_Stored data_:
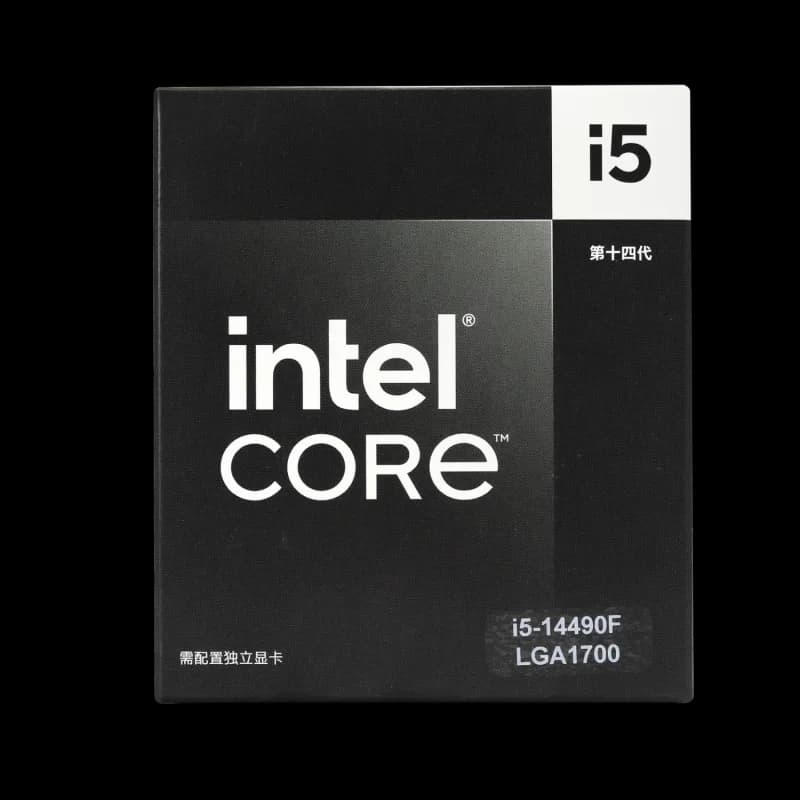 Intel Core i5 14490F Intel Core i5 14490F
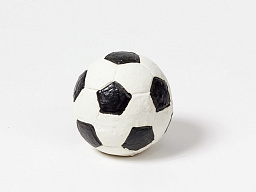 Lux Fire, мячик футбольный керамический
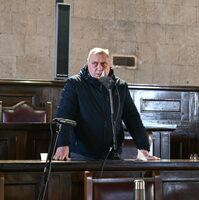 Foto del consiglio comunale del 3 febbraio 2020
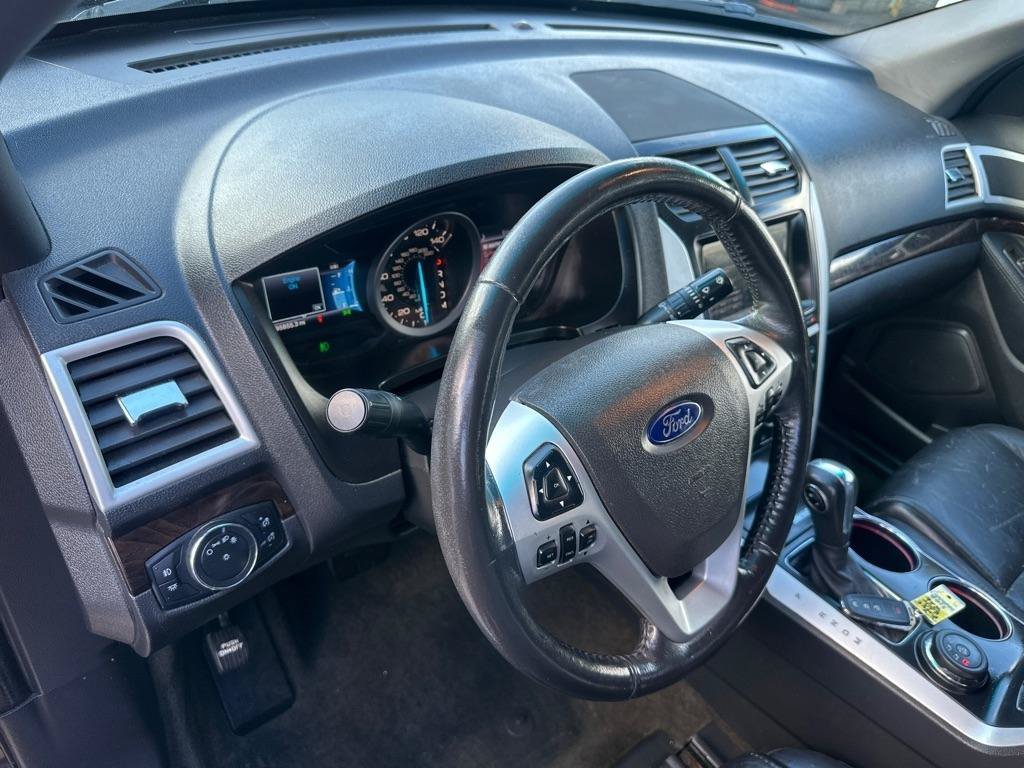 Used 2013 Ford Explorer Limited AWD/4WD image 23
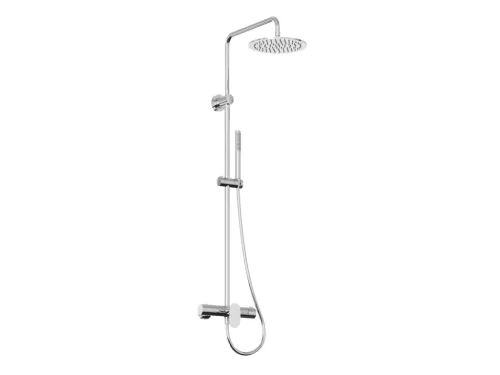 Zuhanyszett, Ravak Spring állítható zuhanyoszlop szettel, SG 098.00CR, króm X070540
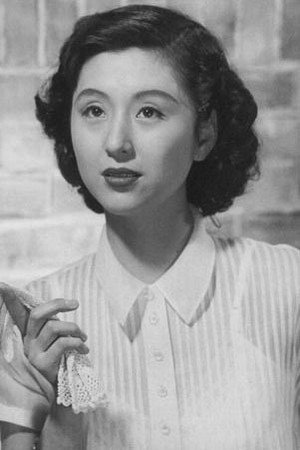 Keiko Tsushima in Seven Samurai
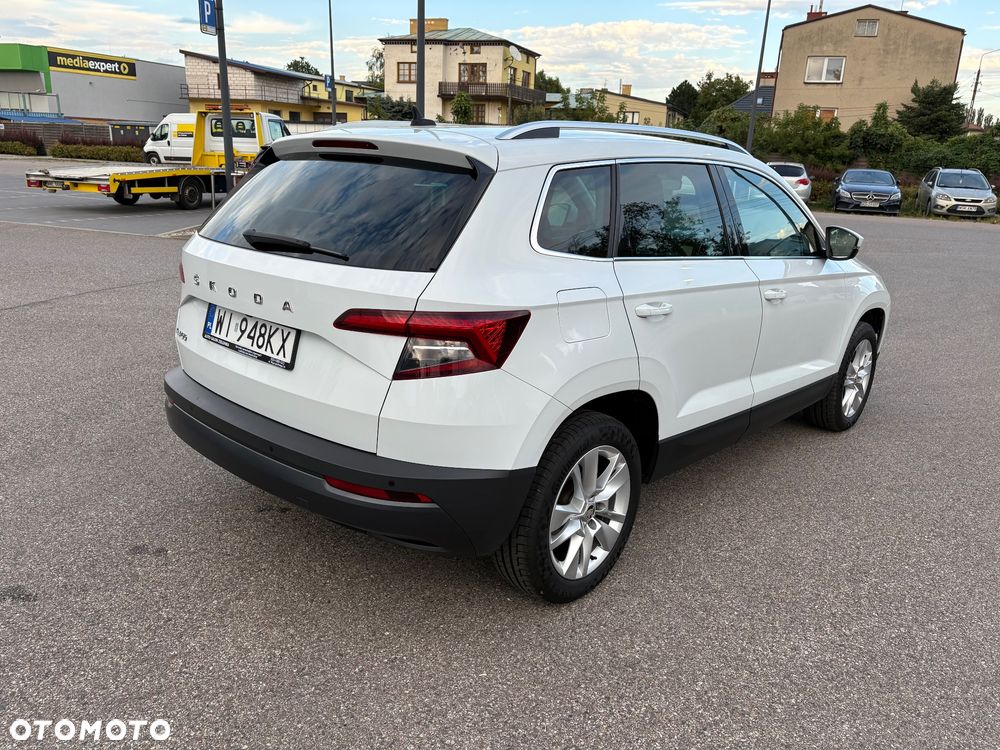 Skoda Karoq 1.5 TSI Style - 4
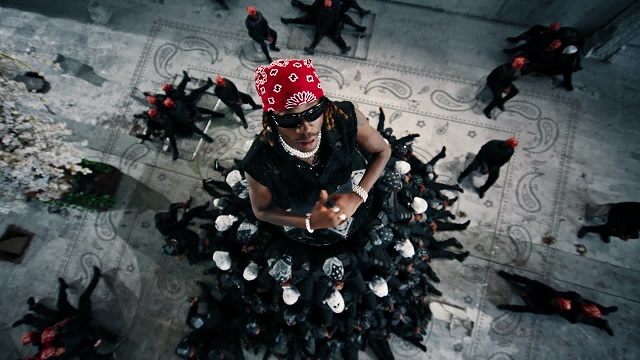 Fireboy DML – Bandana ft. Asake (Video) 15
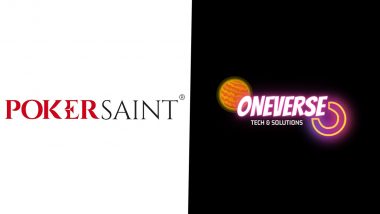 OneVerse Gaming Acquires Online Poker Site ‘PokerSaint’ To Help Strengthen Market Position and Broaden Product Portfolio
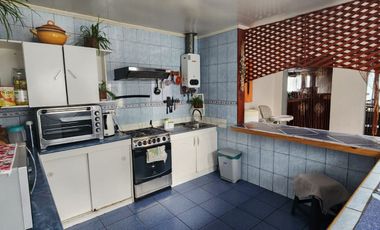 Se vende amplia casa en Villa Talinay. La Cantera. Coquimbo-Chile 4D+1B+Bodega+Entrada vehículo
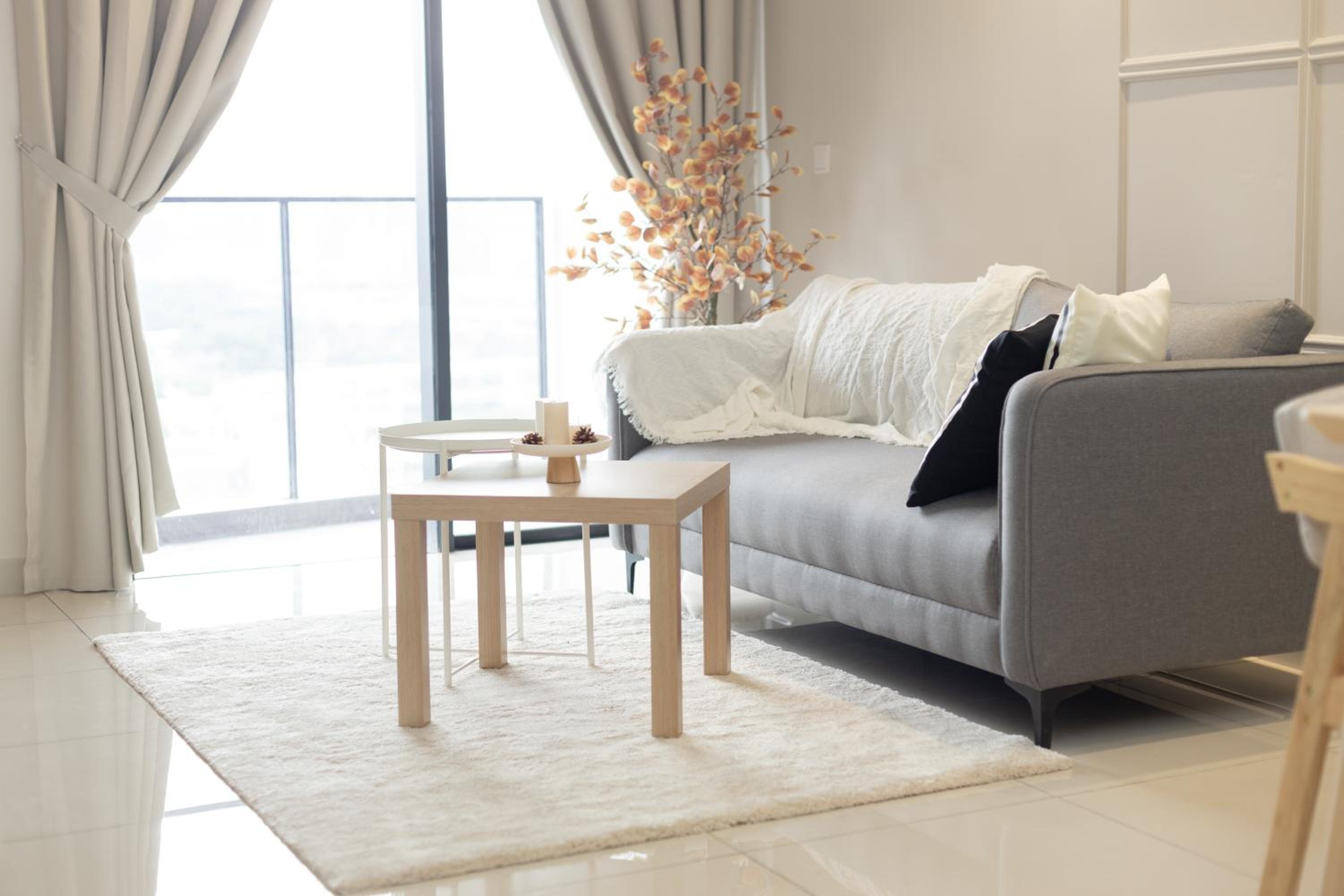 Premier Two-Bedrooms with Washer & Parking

_What is being asked_: Produce a verbatim copy of the listing, leaving out all pictures.

_Solution for this exercise_:
 Intel Core i5 14490F Intel Core i5 14490F
 Lux Fire, мячик футбольный керамический
 Foto del consiglio comunale del 3 febbraio 2020
 Used 2013 Ford Explorer Limited AWD/4WD image 23
 Zuhanyszett, Ravak Spring állítható zuhanyoszlop szettel, SG 098.00CR, króm X070540
 Keiko Tsushima in Seven Samurai
 Skoda Karoq 1.5 TSI Style - 4
 Fireboy DML – Bandana ft. Asake (Video) 15
 OneVerse Gaming Acquires Online Poker Site ‘PokerSaint’ To Help Strengthen Market Position and Broaden Product Portfolio
 Se vende amplia casa en Villa Talinay. La Cantera. Coquimbo-Chile 4D+1B+Bodega+Entrada vehículo
 Premier Two-Bedrooms with Washer & Parking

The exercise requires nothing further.